The Old Trafford slope of death – It claimed another victim this weekend. Or at least it would have had it not decided to pick on Phil Jones (Where other players would slide helplessly into the advertising hoarding, Jones leapt over it, throwing himself towards the floor, daring it not to move out of his way). Why does this slope exist? Do they just lay each new pitch on top of the previous one at Old Trafford? By 2020, any player who slides off the edge of the pitch during a United home game will simply disappear into the gap between the touch-line and the stadium roof, never to be seen again.
Kit watch – Last week, officials deemed Norwich’s BRIGHT YELLOW kit too similar to the red and white of Stoke. This week, it was deemed too similar to Wigan’s blue (yes, blue) kit, and Wigan were forced to play in their away kit instead…which as it turned out was also blue, just a slightly darker shade of blue, with bits of yellow on it. I have to admit I’m struggling a lot with this. Just…why?
Twitter rumours -
“guys, according to @IAMFULLOFSHIT Pogba’s already signed a deal at Juventus for £20k a week…that’s 3k less than United were offering!” RT RT RT
These people are the scurge of the earth, and worse, are the ones who actually believe them, or who don’t believe them, but don’t quite not believe them enough to just dismiss it, so make some daft comment like “I’m not sure how much we should read into this”
If you’re “not sure” how much you should read into something someone just made up on twitter, you’re an idiot. You people are responsible for every stupid rumour, every contract saga, every muppet infested transfer deadline day. I hope you all die.
And some random awards:
Hero of the week – Athletic Bilbao take the award for managing to play a bit like Barcelona, without acting a bit like Barcelona. I realise Athletic Bilbao aren’t a person, but all of their players basically look like the same person, except for Llorente who looks like the same person but slightly taller.
The Harry Redknapp chump of the week award – Everton FC “ok Harry, we’ll let you have Saha as long as we have a gentlemen’s agreement that you wont play him against us”

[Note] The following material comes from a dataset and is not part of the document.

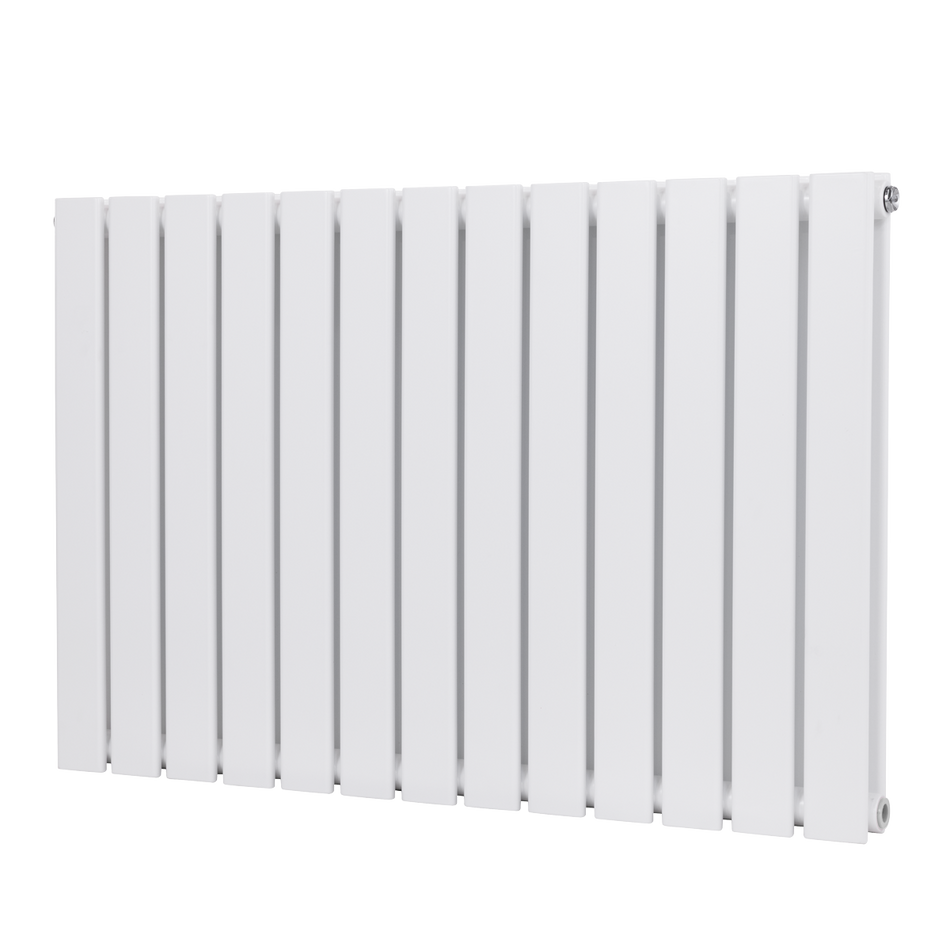 Sealey Baridi Horizontal Radiator Contemporary Double Flat Panel Design 600 x 910mm – White Model No-DH351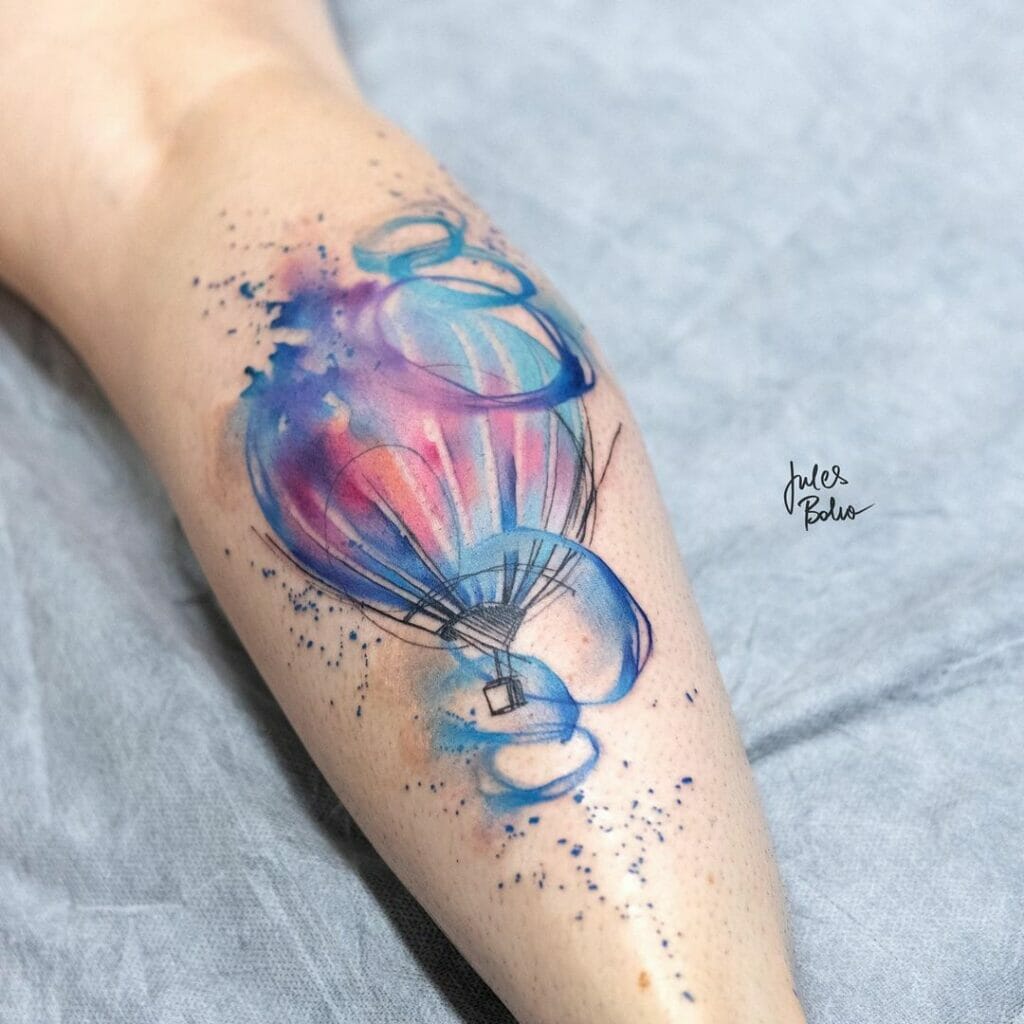 101 Best Hot Air Balloon Tattoo Ideas You Have To See To Believe! - Outsons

Randomly remembered player award – Abel Xavier…that guy who looked like Father Christmas. He was at Everton for years and then suddenly, without ever actually leaving Everton, was half way through his first season at Liverpool. After this he made a habit of suddenly appearing for random teams midway through games or seasons…even though he’d still never actually left Everton, or Liverpool. Most recently when I was watching a Chelsea pre season game, and there he was, playing against them for some team I’d never heard of.